Table 3 presents the results of the AMOVA based on different categories of populations subdivided by language, geography and ethnicity. Analysis of molecular variance based on haplogroup frequencies among the study groups showed that 91.6% of variability is due to within population differences and 8.4% (p<0.001) is due to differences between the populations. In the hierarchical approach taken, at the next level populations were subdivided according to their affiliation into: Indo-European, Dravidian, Tibeto-Burman and Austro-Asiatic language families. A substantially high percentage of difference between populations (13.21%) was observed indicating strong distinctiveness of populations belonging to the different linguistic families. This was followed by the subdivision of populations by the geographical regions they inhabit. The geographical clustering of populations displayed comparatively lower (6.25%) amount of differentiation between the populations. Similarly, in a comparison between Indian castes and tribes a comparatively lower fraction of variance (5.13%) points towards relatively lesser differences between them. Following this, further categories of Indo-European speaking tribal populations of Gujarat were made for comparing with other Indian populations, keeping in mind the effect of language, geography and ethnicity; in that order of importance. The results showed that the lowest group variance among all categories was between Indo-European speaking groups of Gujarat and other Indo-European populations; it was almost 5 times lesser than the variance observed between the studied populations and the Dravidian speaking groups of India. Interestingly, further subdivision of Indo-European populations into tribes and castes revealed a lesser fraction of variability among study populations and Indo-European caste populations (3.45%) as compared to Indo-European speaking tribes (6.57%). Moreover, as compared to Dravidian speaking caste populations, the population in Gujarat showed less differentiation with Dravidian speaking tribes as reflected by low group variance values (5.3%). Subdivision of Indo-European populations simultaneously by caste, tribe and geographical zones (West, Central and East) indicated effective role of geographic distance in determining genetic distance. All the values compared were found to be highly significant.

Table 3

AMOVA based on Y Chromosome haplogroup frequencies.

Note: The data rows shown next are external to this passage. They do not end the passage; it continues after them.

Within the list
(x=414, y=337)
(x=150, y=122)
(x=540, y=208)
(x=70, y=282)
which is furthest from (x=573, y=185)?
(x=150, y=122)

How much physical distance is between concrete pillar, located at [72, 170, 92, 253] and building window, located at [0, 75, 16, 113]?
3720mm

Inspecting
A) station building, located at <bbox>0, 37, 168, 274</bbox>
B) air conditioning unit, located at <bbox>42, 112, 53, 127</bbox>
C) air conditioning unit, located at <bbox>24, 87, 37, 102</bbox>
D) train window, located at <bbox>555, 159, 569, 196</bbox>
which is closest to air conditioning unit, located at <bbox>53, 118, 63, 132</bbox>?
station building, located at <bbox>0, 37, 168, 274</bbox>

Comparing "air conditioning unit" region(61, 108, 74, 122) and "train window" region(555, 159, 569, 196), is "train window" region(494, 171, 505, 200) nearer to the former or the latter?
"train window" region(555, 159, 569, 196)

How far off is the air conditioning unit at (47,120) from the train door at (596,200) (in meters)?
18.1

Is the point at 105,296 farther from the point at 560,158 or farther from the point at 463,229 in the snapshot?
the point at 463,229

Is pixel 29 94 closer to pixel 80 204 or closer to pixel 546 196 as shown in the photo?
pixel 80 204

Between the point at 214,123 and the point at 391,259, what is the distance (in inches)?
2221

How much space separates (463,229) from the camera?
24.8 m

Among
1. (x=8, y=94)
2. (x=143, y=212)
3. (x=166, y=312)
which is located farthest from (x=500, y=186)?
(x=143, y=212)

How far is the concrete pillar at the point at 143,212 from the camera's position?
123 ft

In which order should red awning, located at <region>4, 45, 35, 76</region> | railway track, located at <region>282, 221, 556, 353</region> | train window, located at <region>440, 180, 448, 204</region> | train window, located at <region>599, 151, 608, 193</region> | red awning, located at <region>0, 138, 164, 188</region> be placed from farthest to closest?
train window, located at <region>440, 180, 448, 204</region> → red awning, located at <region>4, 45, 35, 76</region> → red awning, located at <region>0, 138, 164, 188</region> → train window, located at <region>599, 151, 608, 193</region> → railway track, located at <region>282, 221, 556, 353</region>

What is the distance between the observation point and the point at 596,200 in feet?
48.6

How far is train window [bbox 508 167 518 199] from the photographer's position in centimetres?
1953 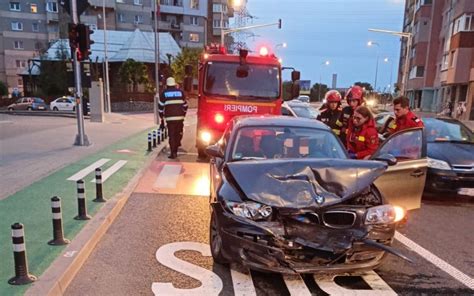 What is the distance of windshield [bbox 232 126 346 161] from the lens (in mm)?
5066

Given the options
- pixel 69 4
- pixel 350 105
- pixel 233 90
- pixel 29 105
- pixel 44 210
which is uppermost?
pixel 69 4

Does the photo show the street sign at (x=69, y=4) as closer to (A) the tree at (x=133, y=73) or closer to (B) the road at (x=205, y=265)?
(B) the road at (x=205, y=265)

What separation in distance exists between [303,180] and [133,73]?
42.1 metres

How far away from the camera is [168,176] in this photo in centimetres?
898

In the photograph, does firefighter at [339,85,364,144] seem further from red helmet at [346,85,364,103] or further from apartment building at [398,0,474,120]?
apartment building at [398,0,474,120]

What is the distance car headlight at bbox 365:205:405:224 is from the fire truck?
249 inches

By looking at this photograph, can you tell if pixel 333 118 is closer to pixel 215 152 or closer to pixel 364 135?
pixel 364 135

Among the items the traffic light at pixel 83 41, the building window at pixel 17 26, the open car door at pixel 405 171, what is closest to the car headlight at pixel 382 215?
the open car door at pixel 405 171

Categories	Among groups variance (%)	Among populations within groups variance (%)	Within populations variance (%)
IE speaking tribes of Gujarat	8.40		91.60
4 language groupsa	13.21	18.52	68.27
Geographyb	6.25	23.22	70.53
Castes and tribes of India	5.13	24.70	70.17
IE speaking tribes of Gujarat with IE populations of India	1.81	19.57	78.62
IE speaking tribes of Gujarat with DR populations of India	9.61	11.55	78.84
IE speaking tribes of Gujarat with AA Populations of India	28.16	7.94	63.90
IE speaking tribes of Gujarat with IE castes of India	3.45	12.97	83.58
IE speaking tribes of Gujarat with IE tribes of India	6.57	15.17	78.26
IE speaking tribes of Gujarat with DR tribes of India	5.30	11.47	83.23
IE speaking tribes of Gujarat with DR caste of India	8.54	12.51	78.95
IE speaking tribes of Gujarat with IE tribes from three geographical regions C,W & E of India	9.24	15.12	75.63
IE speaking tribes of Gujarat with IE castes from three geographical regions C,W & E of India	7.59	9.78	82.63

Language groups = Indo-European (IE), Dravidian (DR), Tibeto-Burman (TB) and Austro-Asiatic (AA),

Geography = Central (C), West (W), East (E), South(S) and North East (NE). All the values are significant, p<0.05.

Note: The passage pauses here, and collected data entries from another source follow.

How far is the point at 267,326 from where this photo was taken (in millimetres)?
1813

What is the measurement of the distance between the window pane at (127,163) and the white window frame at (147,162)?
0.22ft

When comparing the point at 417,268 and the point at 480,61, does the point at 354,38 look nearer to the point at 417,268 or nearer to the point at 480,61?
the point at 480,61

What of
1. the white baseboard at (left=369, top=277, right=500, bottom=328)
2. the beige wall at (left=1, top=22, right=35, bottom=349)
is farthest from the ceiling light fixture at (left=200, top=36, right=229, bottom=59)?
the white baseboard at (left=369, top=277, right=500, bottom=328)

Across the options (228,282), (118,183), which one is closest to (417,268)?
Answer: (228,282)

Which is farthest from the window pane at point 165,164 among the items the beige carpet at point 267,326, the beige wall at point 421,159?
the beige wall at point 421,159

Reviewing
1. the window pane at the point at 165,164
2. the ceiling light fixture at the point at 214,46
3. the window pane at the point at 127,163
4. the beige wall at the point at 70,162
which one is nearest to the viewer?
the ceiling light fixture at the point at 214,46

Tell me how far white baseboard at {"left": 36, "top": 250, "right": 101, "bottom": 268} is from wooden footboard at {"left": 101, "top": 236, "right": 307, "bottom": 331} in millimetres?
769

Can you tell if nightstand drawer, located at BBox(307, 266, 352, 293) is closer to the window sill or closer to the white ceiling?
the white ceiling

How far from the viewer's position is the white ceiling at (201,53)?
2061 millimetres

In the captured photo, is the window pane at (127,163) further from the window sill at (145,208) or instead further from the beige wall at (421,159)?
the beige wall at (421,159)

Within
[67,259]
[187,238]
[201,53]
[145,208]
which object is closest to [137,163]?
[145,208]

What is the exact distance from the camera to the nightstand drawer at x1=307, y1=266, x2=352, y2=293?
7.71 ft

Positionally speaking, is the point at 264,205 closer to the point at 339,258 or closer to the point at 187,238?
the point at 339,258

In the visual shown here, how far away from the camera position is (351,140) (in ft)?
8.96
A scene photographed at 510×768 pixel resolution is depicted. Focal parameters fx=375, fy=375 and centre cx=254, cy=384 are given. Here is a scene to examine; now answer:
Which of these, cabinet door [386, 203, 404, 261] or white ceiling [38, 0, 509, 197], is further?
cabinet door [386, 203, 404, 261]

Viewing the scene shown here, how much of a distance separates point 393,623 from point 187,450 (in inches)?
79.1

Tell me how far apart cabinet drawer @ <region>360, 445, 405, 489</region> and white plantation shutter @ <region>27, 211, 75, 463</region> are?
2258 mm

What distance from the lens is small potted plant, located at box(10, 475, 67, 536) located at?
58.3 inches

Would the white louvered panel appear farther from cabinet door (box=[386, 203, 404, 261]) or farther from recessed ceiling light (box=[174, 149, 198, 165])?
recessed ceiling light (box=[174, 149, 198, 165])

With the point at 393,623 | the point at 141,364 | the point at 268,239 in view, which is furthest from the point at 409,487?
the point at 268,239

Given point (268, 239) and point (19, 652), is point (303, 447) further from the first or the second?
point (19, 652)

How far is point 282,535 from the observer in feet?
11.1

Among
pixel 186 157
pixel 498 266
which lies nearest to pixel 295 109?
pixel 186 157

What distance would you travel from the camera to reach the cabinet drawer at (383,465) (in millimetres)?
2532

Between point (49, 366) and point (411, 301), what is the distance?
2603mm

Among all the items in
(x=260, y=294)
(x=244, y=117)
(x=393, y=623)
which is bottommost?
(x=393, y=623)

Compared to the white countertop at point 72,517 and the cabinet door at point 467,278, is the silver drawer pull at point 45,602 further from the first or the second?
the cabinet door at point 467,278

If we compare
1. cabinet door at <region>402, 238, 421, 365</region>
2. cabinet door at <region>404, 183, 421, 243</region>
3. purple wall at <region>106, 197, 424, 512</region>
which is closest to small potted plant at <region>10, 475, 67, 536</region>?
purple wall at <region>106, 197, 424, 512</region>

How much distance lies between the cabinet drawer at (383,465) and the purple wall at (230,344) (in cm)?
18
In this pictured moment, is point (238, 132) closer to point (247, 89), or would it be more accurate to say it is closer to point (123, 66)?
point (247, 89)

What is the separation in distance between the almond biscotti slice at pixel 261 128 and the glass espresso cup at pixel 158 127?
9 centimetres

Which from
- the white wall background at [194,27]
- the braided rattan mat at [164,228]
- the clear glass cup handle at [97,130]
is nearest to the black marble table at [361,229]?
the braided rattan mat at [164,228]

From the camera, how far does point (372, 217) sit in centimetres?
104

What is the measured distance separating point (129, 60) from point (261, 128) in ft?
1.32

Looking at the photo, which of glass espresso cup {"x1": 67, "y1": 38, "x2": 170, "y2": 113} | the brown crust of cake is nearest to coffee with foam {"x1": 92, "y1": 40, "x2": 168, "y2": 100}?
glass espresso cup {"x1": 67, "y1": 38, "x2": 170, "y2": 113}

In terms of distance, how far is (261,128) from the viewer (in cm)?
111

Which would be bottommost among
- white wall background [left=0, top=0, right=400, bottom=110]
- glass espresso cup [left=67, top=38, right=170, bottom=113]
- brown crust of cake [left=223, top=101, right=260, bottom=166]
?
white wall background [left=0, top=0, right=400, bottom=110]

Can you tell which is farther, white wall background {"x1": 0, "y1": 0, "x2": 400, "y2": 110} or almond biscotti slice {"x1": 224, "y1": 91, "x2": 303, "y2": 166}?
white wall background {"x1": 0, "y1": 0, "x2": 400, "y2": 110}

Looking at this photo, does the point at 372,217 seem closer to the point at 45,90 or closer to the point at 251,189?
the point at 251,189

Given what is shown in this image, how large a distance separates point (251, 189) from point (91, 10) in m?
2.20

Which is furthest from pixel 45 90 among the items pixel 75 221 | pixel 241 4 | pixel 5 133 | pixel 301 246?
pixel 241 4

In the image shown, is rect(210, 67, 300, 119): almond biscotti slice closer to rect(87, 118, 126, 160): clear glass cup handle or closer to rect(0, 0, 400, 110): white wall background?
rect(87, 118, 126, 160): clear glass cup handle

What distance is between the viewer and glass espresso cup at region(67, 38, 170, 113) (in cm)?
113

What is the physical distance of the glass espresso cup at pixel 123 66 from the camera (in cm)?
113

Language groups = Indo-European (IE), Dravidian (DR), Tibeto-Burman (TB) and Austro-Asiatic (AA), Geography = Central (C), West (W), East (E), South(S) and North East (NE). All the values are significant, p<0.05.

Genetic proximities

We compared the study populations with 24 additional world populations already published in separate studies (Figure 4). A stress value of 0.18 for the MDS plot indicated a good fit between the two dimensional graph and the original distance matrix. The comparison revealed four major clusters of South Asian, Central Asian, West Asian and European populations. All the populations under study with the exception of Pavagadhi Chaudhari were found to be clustered together. The occurrence of South Asian populations (the current study groups, Afghanistan, Pakistan and Iran) with Central Asian populations (Kazakhstan, Altai Region, Uzbekistan, Kyrgyzstan, Uyghurstan) on Axis I, conversely with West Asian populations (Iraq, Jordan, Turkey, Lebanon, Syria) with respect to Axis II probably indicate similarities of haplogroups between them.

Figure 4

MDS Plot showing genetic relationships particularly between the South Asian populations with the world populations.

The South Asian populations including the study populations of India are shown in as solid circles (•), the European populations as open circles (o), Central Asian populations as triangle (Δ) and West Asian population as cross (x). The abbreviation used are Afganistan (Afg), Pakistan (Pak), Iran (Ira), Iraq (Irk), Jordan (Jor), Turkey (Tur), Lebanon (Leb), Syria (Syr), Kazakhstan (Kaz), Altai (Alt), Uzbekistan (Uzb), Kyrgyztan (Kyr), Uyghurstan (Uyg), Greece (Gre), France (Fra), Netherlands (Net), Germany (Ger), Czech and Slovakia (CzandSlo), Alabina (Ala), Macedonia (Mac), Poland (Pol), Hungary (Hun), Ukraine (Ukr), Georgia (Geo), Dhodia (Dh), Dubla (Du), Konkana (Kon), Vasava (Vas), Gamit (Gam), Valvi Chaudhari (VC), Nana Chaudhari (NC), Mota Chaudhari (MC), Pavagadhi Chaudhari (PC).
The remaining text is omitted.